Vor vier Jahren hat Krug zum ersten Mal eine Statue einer Vulva gesehen und überrascht festgestellt: Die sieht anders aus als die eigene. „Ich habe einfach keine Ahnung gehabt, und das habe ich so schockierend gefunden“, meint sie. Sie hatte nur Sex mit Menschen mit Penis, und bis dorthin keine andere Vulva als die eigene gesehen. Nachdem sie ihrem Freund davon erzählte, schlug dieser vor, sich doch gegenseitig einmal genauer anzuschauen. Schnell haben die beiden festgestellt, wie schambesetzt und tabuisiert das Thema ist, so Krug. Aus Spaß haben die beiden dann eine Statue angefertigt. „Das hat mich von den Socken gehauen“, meint Krug, und sie habe gemerkt, dass bewegt etwas in ihr – es entwickelte sich ein neuer Bezug zur eigenen Vulva. So entstand die Idee für ihr Projekt „Vulvarium“, wo sie in Workshops in ganz Europa Gipsstatuen von Vulven herstellt.
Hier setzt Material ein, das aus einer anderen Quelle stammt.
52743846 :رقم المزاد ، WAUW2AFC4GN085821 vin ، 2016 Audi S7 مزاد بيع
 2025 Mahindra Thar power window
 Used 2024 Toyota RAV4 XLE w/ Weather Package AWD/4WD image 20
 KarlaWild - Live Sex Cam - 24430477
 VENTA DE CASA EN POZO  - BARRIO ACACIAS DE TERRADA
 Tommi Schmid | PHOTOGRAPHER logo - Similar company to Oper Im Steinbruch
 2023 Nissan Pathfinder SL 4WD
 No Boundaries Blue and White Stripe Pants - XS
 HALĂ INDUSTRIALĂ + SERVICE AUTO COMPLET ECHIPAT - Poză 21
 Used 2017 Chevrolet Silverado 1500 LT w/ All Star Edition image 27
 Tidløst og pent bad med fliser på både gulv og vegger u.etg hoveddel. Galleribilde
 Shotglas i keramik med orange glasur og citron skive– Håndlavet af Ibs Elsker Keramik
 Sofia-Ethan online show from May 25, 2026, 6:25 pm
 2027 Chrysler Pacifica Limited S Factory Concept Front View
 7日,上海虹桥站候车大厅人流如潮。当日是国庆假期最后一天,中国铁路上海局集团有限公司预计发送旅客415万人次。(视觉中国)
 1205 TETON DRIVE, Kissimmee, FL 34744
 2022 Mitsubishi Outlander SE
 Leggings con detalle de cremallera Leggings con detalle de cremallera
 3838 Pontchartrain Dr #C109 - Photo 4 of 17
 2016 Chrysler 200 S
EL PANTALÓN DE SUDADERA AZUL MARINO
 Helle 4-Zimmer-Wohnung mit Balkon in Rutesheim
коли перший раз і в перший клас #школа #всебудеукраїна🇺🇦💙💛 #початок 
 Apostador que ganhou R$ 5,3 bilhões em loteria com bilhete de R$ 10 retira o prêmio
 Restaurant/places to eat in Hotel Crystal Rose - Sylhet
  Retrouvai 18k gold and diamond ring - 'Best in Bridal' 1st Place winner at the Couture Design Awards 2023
Wie in der Dentalpraxis – nur ganz anders

Wer schon einmal einen Abdruck der Zähne gemacht hat, kennt Alginat, die Masse die detailgenau die Beißerchen abbildet. Damit arbeitet auch Krug bei der Herstellung des Vulva-Abdrucks. Der Unterschied: garantiert kein Würgereiz, viel Zeit und eine angenehme Atmosphäre. Wenn die Teilnehmenden zu ihr kommen, werden sie wie „bei guten Freund:innen“ empfangen. Es wird Tee gereicht und man unterhält sich. Krug fragt nach den Beweggründen ein „Vulva Casting“ zu machen, man schaut sich gemeinsam ein Fotobuch und andere Statuen an, entscheidet sich für eine Farbe und kann sich dann vor Beginn noch einmal im Badezimmer frisch machen. Das „Casting“, also das Auftragen und Formen der Masse, dauert dann nur ca. 15 Minuten. Die Personen können mit einem Spiegel alles mit ansehen, und auch selbst Hand anlegen, wenn sie etwa die Position der Labien verändern wollen. Danach heißt es warten. Krug gießt die Gipsskulptur und lässt sie trocknen. Danach wird sie geschliffen, zugeschnitten und lackiert – „mit viel Liebe und Handarbeit entsteht die Statue“, so Krug. 

Begegnungen bereichern

Das Schönste an ihrer Arbeit sind für Krug die Begegnungen mit so vielen großartigen Menschen. Sie hat bisher über 1500 Statuen hergestellt, und sie hat mit jeder Person im Gespräch Gemeinsamkeiten gefunden. Im Austausch darüber, wieso die Person ein „Vulva Casting“ macht, hat sie viele Geschichten gehört, die sie berühren. „Es gibt so viele Beweggründe, wie es Menschen gibt“, sagt Krug. Manche wollen ihre Vulva einfach feiern, andere haben bisher nur negative Erfahrungen gehabt, wieder andere wollen ihre Vulva in der Schwangerschaft noch vor der Geburt abbilden, oder Menschen, die beginnen Testosteron zu nehmen, wollen die Vulva vor oder während der Transition als Statue festhalten. Krug hat viel Hoffnung, weil sie sieht, viele haben Lust das Potenzial zu entfalten, das in der Vulva und in den damit verbundenen Themen schlummert. Sie hofft darauf, dass sich Menschen nicht mehr für ihre Körper schämen und diese verstecken, sondern „dass wir sie feiern können und die Diversität zelebrieren“.